11. BÖLÜM

228 20 8
                                    

 Selam kuşlarım, artık geçmiş kesitlerimiz yok ama ara sıra bölümle bağdaştırmak için yazacağım keyifli okumalar. Beğeneceğiniz bir bölüm olması dileğiyle..


Songül ecza dolabının üzerinde aşağıda gülümseyen Sadi'ye bakıyordu.

"Öküz! indirsene beni ne bakıyorsun?" Sadi bir kez daha kahkaha attı "Tamam atla ben tutarım seni" dedi ve iki elini havaya doğru uzattı. Songül ters bakışlar ile poposunu yukarıda biraz ileriye kaydırdı. Kendisinden yaklaşık 8 santim aşağıdaki ellere boş boş baktı.

"Ya tutmazsan?"

"Ne zaman tutmadım?" evet, her zaman tutmuştu. Yorganların üzerine çıkınca tutmuştu, ağaca çıkınca tutmuştu... Yavaşça oturduğu yerden biraz daha ileriye kaydı. Yavaşça kendisini yere bıraktığında iki saniye sonra Sadi'nin kucağındaydı.

İkisi bir süre bir birine baktılar. Songül uzun zamandır yakından görmek istediği maviliklere bakıyordu, koyulaşmıştı. Arık okyanus gibi değildi artık fırtınalı bir deniz gibiydi o maviler. Sadi ise küçüklüğünden beri ezbere bildiği o derin yosun gözlerde takılı kalmıştı. Dünyadaki en nadide zümrüt bu gözler gibi geliyordu ona.

Songül buranın pansuman odası olduğunu ve içeriye her an bir hemşirenin girme ihtimalinin olduğunu hatırlayınca hemen indi Sadi'nin kucağından.

"Kaçta hazır olayım?" dedi saçlarını düzeltirken. Sadi gözlerini kolunda ki saatte gezdirdi bir süre "18:30 Gibi hazır ol alırım ben seni. Yalnız Zeynep yenge inattır gelmedin diye benim saçlarımı yola bilir" Songül gülümsedi buna. Aslında Sadi'nin kel kalmasına kahkaha atmak istemişti ama tekrar kendisini yukarıda bulmak istemedi. 

Hızlıca odadan çıktı ve acile doğru koştu. Yolunu birisinin kesmesine dayanamazdı fakat acilden içeriye girdiği gibi aynı poliklinik de çalıştığı doktorlardan birisiydi. Araları iyiydi hatta bir kaç kez kahve içmeye bile çıkmışlardı.

"Songül hocam.

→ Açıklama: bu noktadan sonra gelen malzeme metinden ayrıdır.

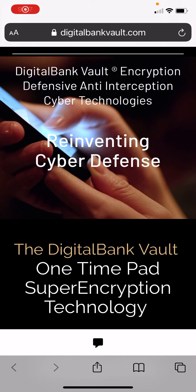In this video we would like to explain a big difference between a secure communication device — what is called a secure encrypted phone — and an encryption device. These are two different devices for two different purposes. The first category includes secure encrypted devices that have been hacked, like BlackBerry, Anom, EncroChat, Sky ECC, and many others.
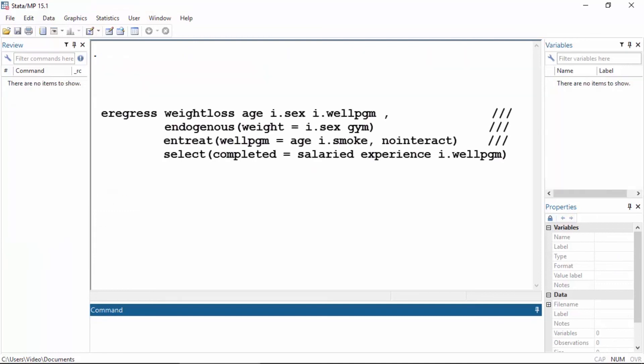This model simultaneously accounts for all three complications in our data set: endogenous covariates, endogenous non-random treatment assignment, and endogenous sample selection. In the next video I'll show you how to interpret the results. I hope this was helpful — thanks for stopping by.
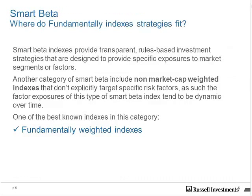So where do fundamental indexes fit? We generally think about fundamental as one of an increasing number of smart beta indexes. At Russell, we define smart beta indexes as transparent and rules-based investment strategies designed to provide exposure to market segments, other factors, or specific investment strategies. A common characteristic of these smart beta strategies is that they're not market cap-weighted. Fundamental was one of the first non-cap-weighted indexes to come to market, and many new smart beta indexes are following these same principles. Fundamental doesn't explicitly target any specific risk factor, but it does produce certain factors that can vary over time because of its unique methodology.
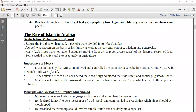Next was the rise of Islam in Arabia. The Arabs before Muhammad were Bedouns, that is they were nomadic. So before the Prophet Muhammad, the Arabs were divided into tribes. This is basically the condition of Arabia before Islam was spread. A chief was chosen on the basis of his family, as well as his personal courage, wisdom and generosity. This is all you have to write.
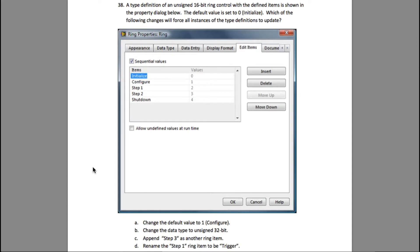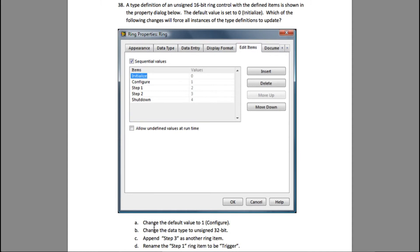But the property of the ring control is completely different from enum. In this case, even if you update the values using the type def, it will not affect the other instances. The original control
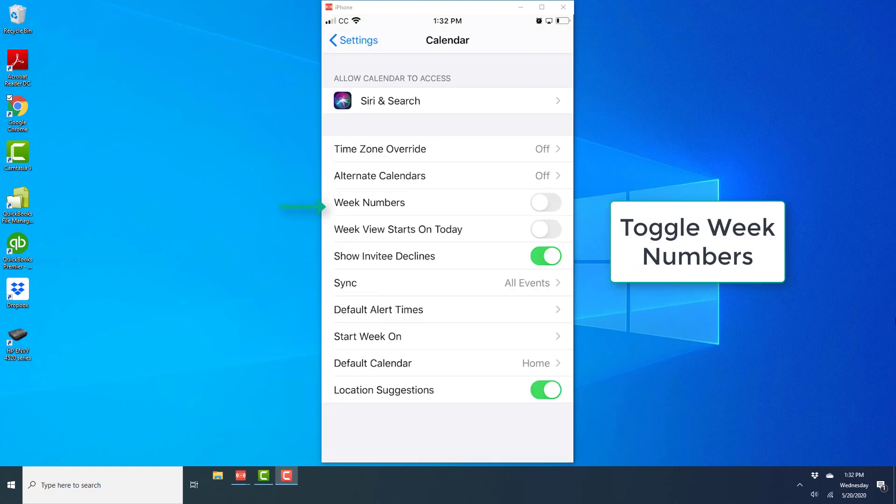On the screen you will be able to see an option for week numbers. Go ahead and toggle week numbers to turn it on.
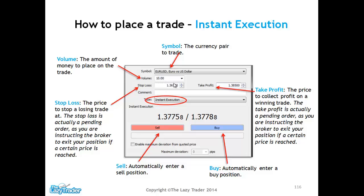We put our stop loss in here. Our stop loss is essentially the price at which our broker takes us out of the market if the market goes the other way. We don't want to be in a losing trade losing more and more money — we want to cut our losses short after only taking a one percent hit. We don't want to blow up any accounts at all; we want to keep our risk to a minimum by having a stop loss in place.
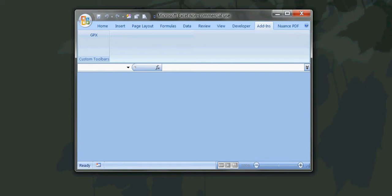This video covers using the GPX conversion VBA program to convert a GPX file into a format that can be imported into a chart plotter program or dedicated plotter.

Kim o komutan" harika dedi Songül içinden komutan olduğunu bile öğrenmişler. İki saniye duraksadı ama kız makineli tüfek gibi konuşmaya devam ediyordu "Odada ne yaptınız?" dedi gözlerini kocaman açan Esra.

Songül duraksadı "Ne mi yaptık? beni ecza dolabının üzerine koydu ve yarım saat kahkaha attı" dedi sinirli bir tavırla. Esra'nın yüzü düştü "Tüh... Yalnız haberin olsun, acilde baya dedikodu döndü" diyerek göz kırptı ve oradan koşarak uzaklaştı.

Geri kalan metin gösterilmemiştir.